Comment se déroule cette procédure d’injonction sous astreinte ?

SOPHIE PASQUESOONE : Saisie selon différents cas de figure (réclamation d’une partie ou d’un tiers, dénonciation anonyme, mise en place d’une enquête sectorielle, etc.), la DGCCRF commence par lancer ses investigations, dans le cadre desquelles elle peut exiger de se voir remettre les contrats incriminés. Elle transmet ensuite à l’entreprise concernée ses observations. S’ouvre alors la phase contradictoire à l’issue de laquelle plusieurs scénarios sont possibles : soit la procédure est clôturée sans action de part et d’autre, soit l’entreprise visée s’engage à modifier les clauses problématiques sans qu’aucune sanction ne soit prononcée à son encontre, soit la DGCCRF met en oeuvre son pouvoir de sanction (et le cas échéant d’injonction sous astreinte). Les modalités d’application de l’astreinte, notamment sa durée, qui est limitée à trois mois, et son montant sont immédiatement précisés.

Dans ce dernier scénario, de quels recours dispose l’entreprise ?

SOPHIE PASQUESOONE : Un recours hiérarchique devant le ministre est d’abord possible, puis, le cas échéant, un recours devant le tribunal administratif. Pour que le paiement de l’astreinte soit gelé, l’entreprise doit demander sa suspension par référé devant cette instance.

AGNÈS PARENT : Même si la compétence du tribunal administratif est logique compte tenu du caractère administratif de l’injonction prononcée par la DGCCRF, cette situation n’est pas anecdotique pour les requérants. En effet, le juge administratif n’est pas le juge naturel pour connaître des contentieux afférents aux relations commerciales. Il devra néanmoins se prononcer sur le caractère justifié, ou non, d’une injonction sous astreinte d’avoir à modifier telle ou telle clause du contrat.

Face à cette épée de Damoclès, quels conseils donneriez-vous aux entreprises ?

AGNÈS PARENT : En amont, il m’apparaît essentiel de sensibiliser les opérationnels et les équipes juridiques sur les dispositions susceptibles de constituer une atteinte au principe de libre concurrence. Il importe également de préparer les collaborateurs sur la manière de gérer un contrôle de la DGCCRF, afin qu’ils soient en mesure de réagir, le cas échéant, le plus rapidement possible. Enfin, si contrôle il y a, l’accompagnement par un avocat rodé à ces procédures est clé.

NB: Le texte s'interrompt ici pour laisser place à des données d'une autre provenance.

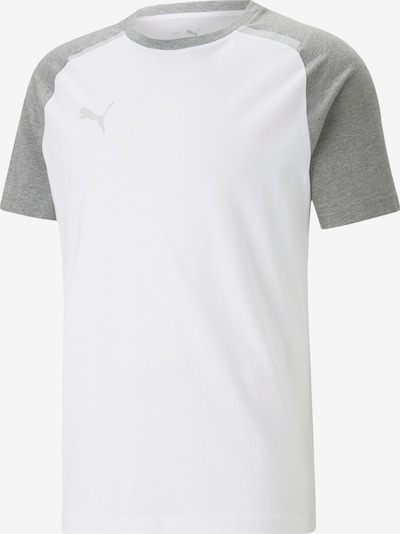 PUMA T-Shirt fonctionnel en gris chiné / blanc, Vue avec produit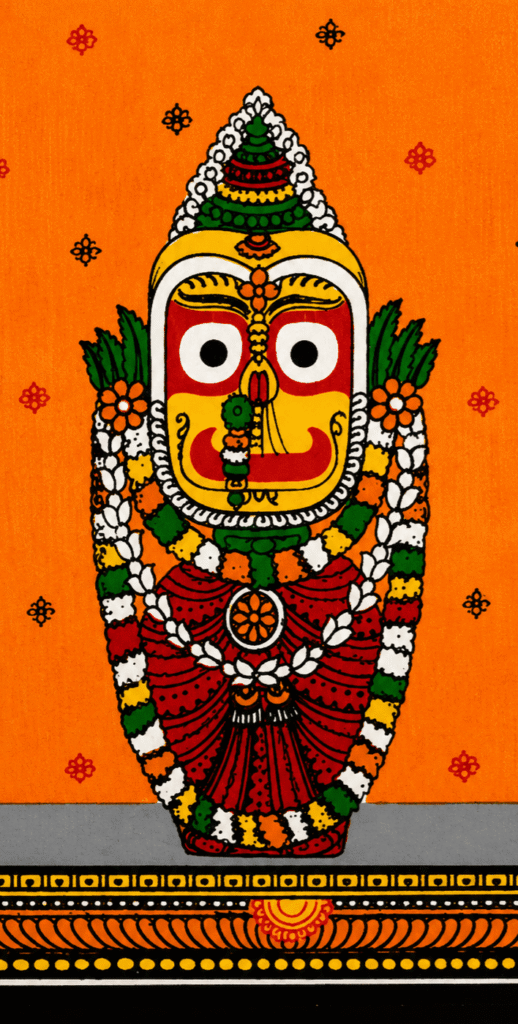 Jagannath Trio Pattachitra Folk Painting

SOPHIE PASQUESOONE : Je recommande aussi de mener systématiquement des audits de conformité des contrats commerciaux, dans le but d’identifier le plus précisément possible les risques encourus par l’entreprise. Si la DGCCRF venait à initier une enquête, les représentants de cette dernière devront alors adopter une attitude coopérative pour tenter de démontrer leur bonne foi – sans toutefois aller jusqu’à dévoiler des informations que l’administration n’a pas à connaître – et, dans certains cas, savoir accepter une mise en conformité pour éviter une injonction sous astreinte.

Comment les entreprises franchisées, que vous représentez, réagissent-elles à ce changement de paradigme ?

AGNÈS PARENT : Nos entreprises sont sensibilisées de longue date aux questions liées aux pratiques restrictives de concurrence, et ce d’autant plus que la DGCCRF a mené entre 2016 et 2017 des enquêtes dans le secteur de la restauration rapide en franchise. S’agissant plus précisément du nouveau pouvoir d’injonction sous astreinte de l’administration, je pense que tous n’en ont pas encore pris connaissance.